Where is Europe’s Google or Tesla, its Alibaba or BYD? Amid the angst over the continent’s failure in recent decades to give birth to corporate world-beaters, a finger is often pointed at the EU’s rigorous merger rules. In his 2024 report on reviving competitiveness, former European Central Bank president Mario Draghi argued — among many other ideas — that EU competition policy should take more account of the need to stimulate innovation and create businesses able to compete globally. As the FT has reported, Brussels is now planning its biggest shake-up of its merger code for decades. But competition policy can only do so much.
The last big reform in 2004 put protecting consumers from soaring prices at the heart of merger policy. Vigorous intra-EU competition was prioritised as the best way to ensure dynamism. But the global context has been transformed. An overriding focus on price is less appropriate in the new world of powerful tech platforms and AI “hyperscalers”, which puts a premium on scale and huge investment in research and infrastructure. As proponents of reform warn, EU companies risk being structurally disadvantaged against US and Chinese rivals. Geopolitical risk also makes it more vital to secure supply chains, energy and materials.

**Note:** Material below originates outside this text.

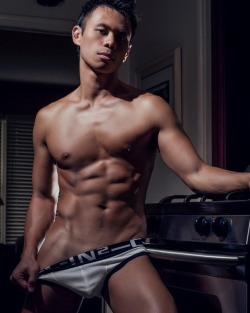 luxaiophotography:@devon84 is always distracted in the kitchen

There is a danger, though, of excessively loosening merger guidelines that were long seen as among the most successful parts of the EU’s regulatory regime. Size and consolidation should not become an end in themselves; bigger companies do not automatically invest more — having achieved market dominance, there can be a temptation to exploit their position. But draft guidelines drawn up by the European Commission, though subject to change through wrangling by member states, appear to strike a sensible balance.